Le nombre de créations, fin XIXème, est fulgurant. L’Alliance invente alors ce qui constituera de nombreux fondements de la politique culturelle extérieure : elle met en place des cours de langues, organise des tournées de conférences, met en place des actions de soutien au livre et des journaux, crée des bourses pour étudiants étrangers. Des années 30 à la Libération, elle se trouve cependant confrontée à de nombreuses difficultés humaines, matérielles, financières et politiques, et l’idée de la mise en place d’un réseau culturel uniquement étatique se fait de plus en plus saillante. Toutefois, sous la direction de nouveaux comité et conseil d’administration, et bénéficiant d’une conjoncture économique favorable ainsi que du rayonnement émanant de grandes figures intellectuelles, l’activité redémarre pendant les « Trente Glorieuses » : une politique du livre et de nouvelles méthodes d’enseignement sont ainsi mises en place.

Si les années 1980 sont marquées par un soutien renforcé du Ministère des Affaires Etrangères, via l’envoi en détachement de nombreux fonctionnaires, souvent de jeunes professeurs, afin d’assumer les fonctions de directeurs, les années 90, dans un contexte économique en récession, marquent, elles, une phase de diminution des moyens alloués, qu’ils soient financiers sous forme de subventions, ou humains sous forme de mise à disposition de personnels expatriés.
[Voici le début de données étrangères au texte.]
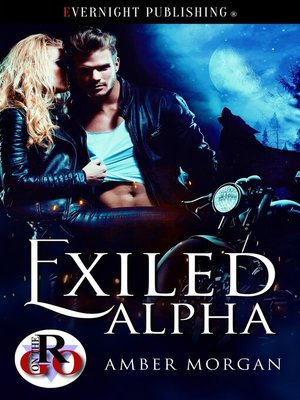 cover image of Exiled Alpha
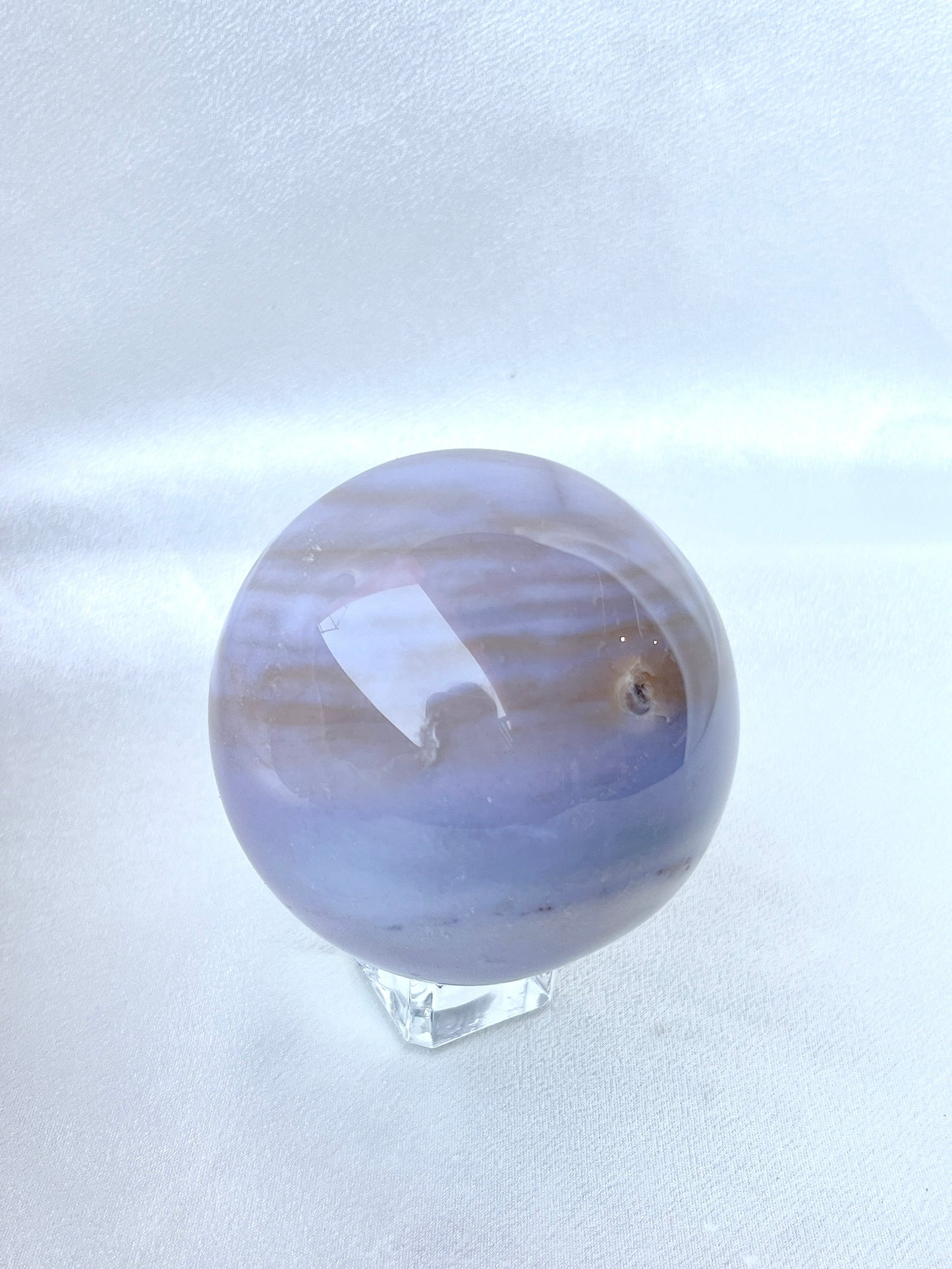 High Quality Ocean Jasper Sphere 09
Cette situation perdure actuellement.

Face à ces évolutions historiques, certains éléments demeurent cependant immuables : la philosophie et les valeurs de l’Alliance française / Fondation Alliance française. Dès l’origine, elle se veut apolitique, et évoluant hors de toute considération religieuse ou idéologique. Son but de soutien à la diffusion de la culture et de la langue française cherche à dépasser tous les clivages. Ce positionnement reste aujourd’hui identique, comme le rappelle son site Internet14 qui indique que « chaque Alliance est gérée localement en tant qu’organisation indépendante à but non lucratif, dans un environnement étranger à toute préoccupation politique ou religieuse. » .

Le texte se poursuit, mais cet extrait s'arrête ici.